TASK: From the data below, repeat exactly the lines from the line with "Hot girl ‘Loa" to the line with "stepson pranks madrastra", both included.

[[ ENTRIES PROVIDED, beginning ]]

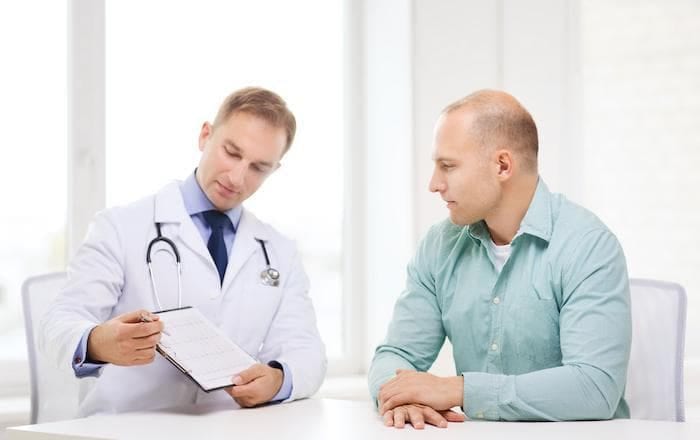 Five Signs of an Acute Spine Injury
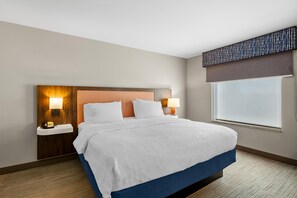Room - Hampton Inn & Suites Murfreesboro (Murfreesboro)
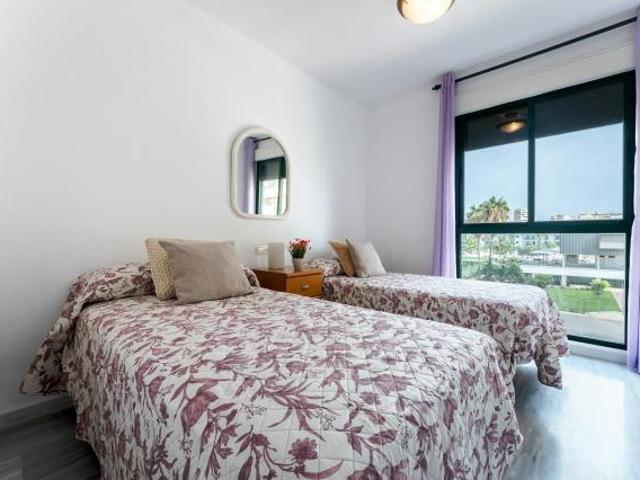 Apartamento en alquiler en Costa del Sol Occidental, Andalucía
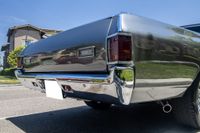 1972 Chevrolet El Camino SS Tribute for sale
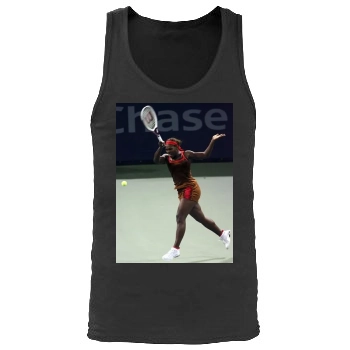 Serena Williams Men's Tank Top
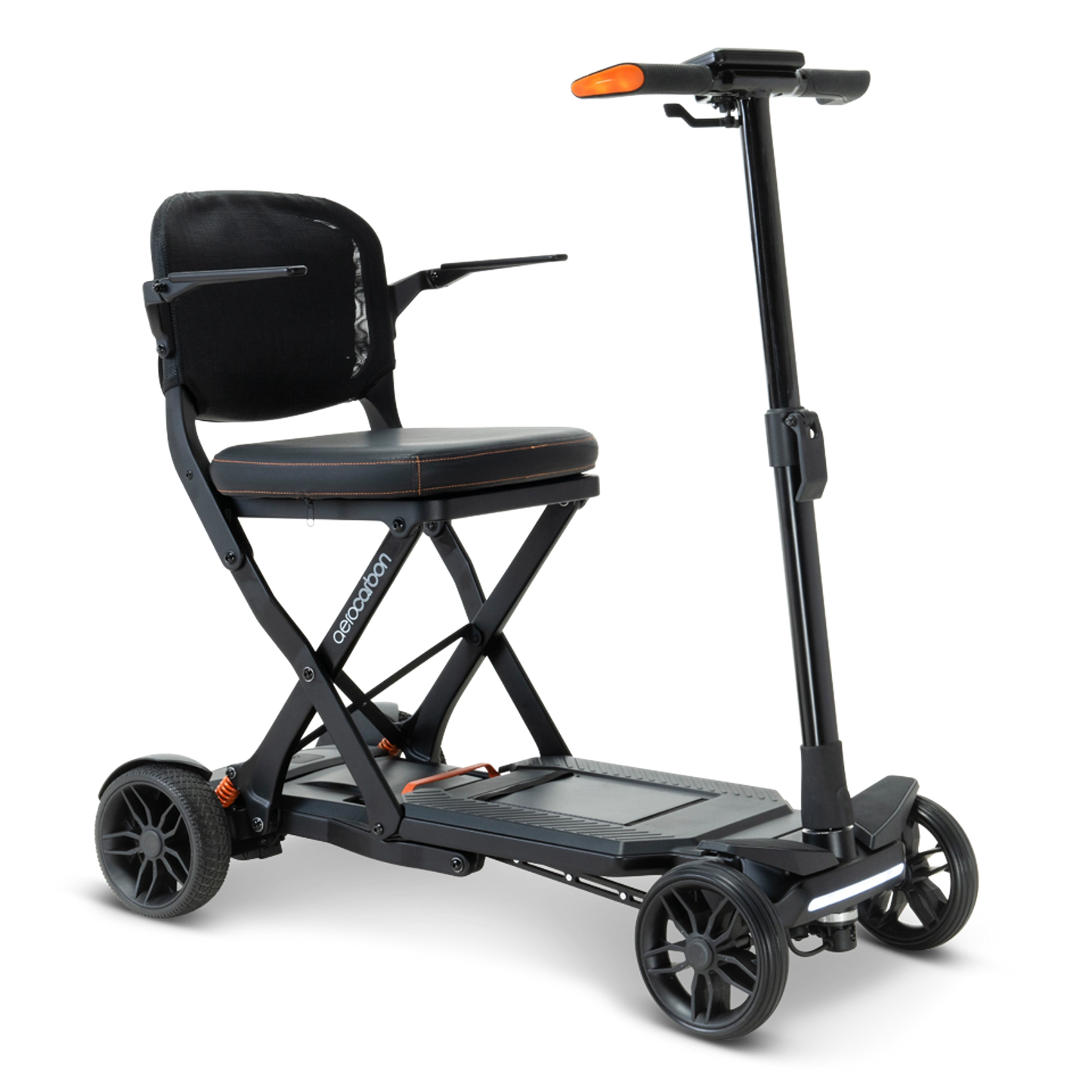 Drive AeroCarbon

[[ ENTRIES PROVIDED, end ]]
[[ ENTRIES PROVIDED, beginning ]]

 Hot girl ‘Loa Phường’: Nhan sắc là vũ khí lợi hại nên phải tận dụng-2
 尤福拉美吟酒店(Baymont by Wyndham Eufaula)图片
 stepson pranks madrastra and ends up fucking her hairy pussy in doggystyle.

[[ ENTRIES PROVIDED, end ]]

SOLUTION TO THIS PROBLEM:
 Hot girl ‘Loa Phường’: Nhan sắc là vũ khí lợi hại nên phải tận dụng-2
 尤福拉美吟酒店(Baymont by Wyndham Eufaula)图片
 stepson pranks madrastra and ends up fucking her hairy pussy in doggystyle.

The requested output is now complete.